Pulmonary Arterial Hypertension (PAH):
SPRYCEL may increase the risk of developing PAH in adult and pediatric patients, which may occur any time after initiation, including after more than 1 year of treatment. Manifestations include dyspnea, fatigue, hypoxia, and fluid retention. PAH may be reversible on discontinuation of SPRYCEL.
- Evaluate patients for signs and symptoms of underlying cardiopulmonary disease prior to initiating SPRYCEL and during treatment. If PAH is confirmed, SPRYCEL should be permanently discontinued
SPRYCEL may increase the risk of prolongation of QTc in patients including those with hypokalemia or hypomagnesemia, patients with congenital long QT syndrome, patients taking antiarrhythmic medicines or other medicinal products that lead to QT prolongation, and cumulative high-dose anthracycline therapy
- Correct hypokalemia or hypomagnesemia prior to and during SPRYCEL administration
Severe Dermatologic Reactions:
Cases of severe mucocutaneous dermatologic reactions, including Stevens-Johnson syndrome and erythema multiforme, have been reported in patients treated with SPRYCEL.
- Discontinue permanently in patients who experience a severe mucocutaneous reaction during treatment if no other etiology can be identified
Tumor Lysis Syndrome (TLS):
TLS has been reported in patients with resistance to prior imatinib therapy, primarily in advanced phase disease.
- Due to potential for TLS, maintain adequate hydration, correct uric acid levels prior to initiating therapy with SPRYCEL, and monitor electrolyte levels
- Patients with advanced stage disease and/or high tumor burden may be at increased risk and should be monitored more frequently
Based on limited human data, SPRYCEL can cause fetal harm when administered to a pregnant woman.
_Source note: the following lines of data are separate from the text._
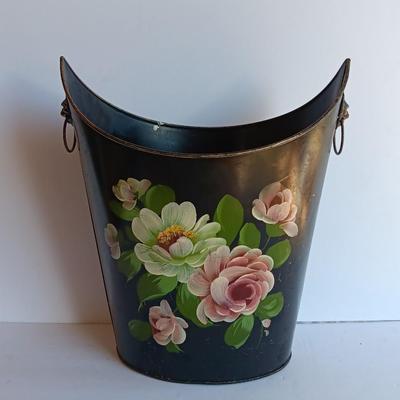 Vintage Metal Hand Painted floral tole. - lion head handled - bucket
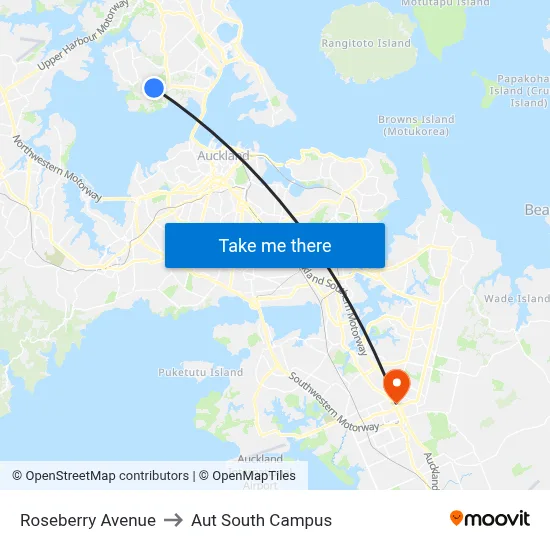 Roseberry Avenue to Aut South Campus map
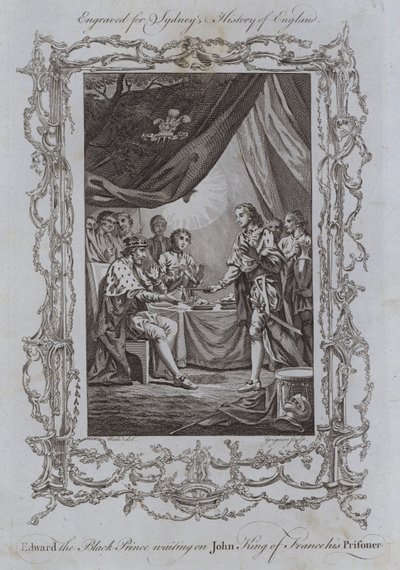 Edward the Black Prince waiting on John King of France his Prisoner by Samuel (after) Wale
Hydrops fetalis, fetal leukopenia, and fetal thrombocytopenia have been reported with maternal exposure to SPRYCEL. Transplacental transfer of dasatinib has been measured in fetal plasma and amniotic fluid at concentrations comparable to those in maternal plasma.
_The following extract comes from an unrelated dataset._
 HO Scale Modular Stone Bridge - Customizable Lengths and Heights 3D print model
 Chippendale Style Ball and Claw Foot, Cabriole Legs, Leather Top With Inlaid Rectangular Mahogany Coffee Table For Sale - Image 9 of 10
- Advise females of reproductive potential to avoid pregnancy, which may include the use of effective contraception, during treatment with SPRYCEL and for 30 days after the final dose
Effects on Growth and Development in Pediatric Patients:
In pediatric trials of SPRYCEL in chronic phase CML after at least 2 years of treatment, adverse reactions associated with bone growth and development were reported in 5 (5.2%) patients, one of which was severe in intensity (Growth Retardation Grade 3). These 5 cases included cases of epiphyses delayed fusion, osteopenia, growth retardation, and gynecomastia. Of these 5 cases, 1 case of osteopenia and 1 case of gynecomastia resolved during treatment.
Monitor bone growth and development in pediatric patients.
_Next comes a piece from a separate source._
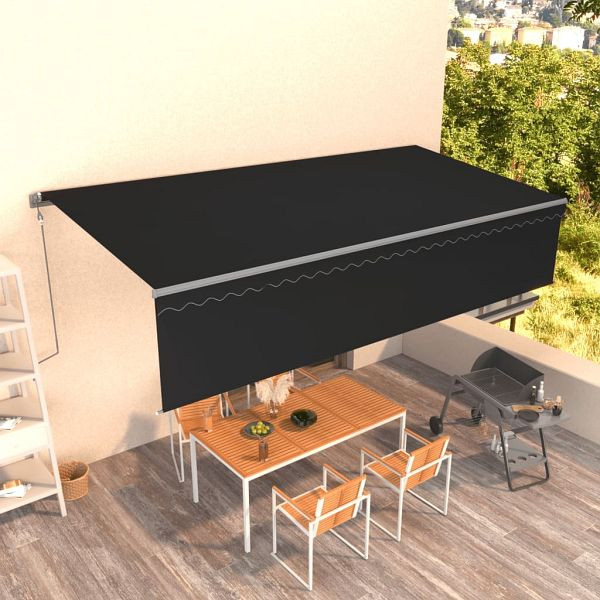 vidaXL Markise Automatisch Einziehbar mit Volant 6x3 m Anthrazit, 3069489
No data are available regarding the presence of dasatinib in human milk, the effects of the drug on the breastfed child, or the effects of the drug on milk production. However, dasatinib is present in the milk of lactating rats.
- Because of the potential for serious adverse reactions in nursing children from SPRYCEL, breastfeeding is not recommended during treatment with SPRYCEL and for 2 weeks after the final dose
Effect of Other Drugs on Dasatinib
- Strong CYP3A4 inhibitors: The coadministration with strong CYP3A inhibitors may increase dasatinib concentrations. Increased dasatinib concentrations may increase the risk of toxicity. Avoid concomitant use of strong CYP3A4 inhibitors. If concomitant administration of a strong CYP3A4 inhibitor cannot be avoided, consider a SPRYCEL dose reduction
- Grapefruit juice may increase plasma concentrations of SPRYCEL and should be avoided
- Strong CYP3A4 inducers: The coadministration of SPRYCEL with strong CYP3A inducers may decrease dasatinib concentrations. Decreased dasatinib concentrations may reduce efficacy. Consider alternative drugs with less enzyme induction potential. If concomitant administration of a strong CYP3A4 inducer cannot be avoided, consider a SPRYCEL dose increase
- St. John's wort may decrease plasma concentrations of SPRYCEL and should be avoided
- Gastric Acid Reducing Agents: The coadministration of SPRYCEL with a gastric acid reducing agent may decrease the concentrations of dasatinib. Decreased dasatinib concentrations may reduce efficacy.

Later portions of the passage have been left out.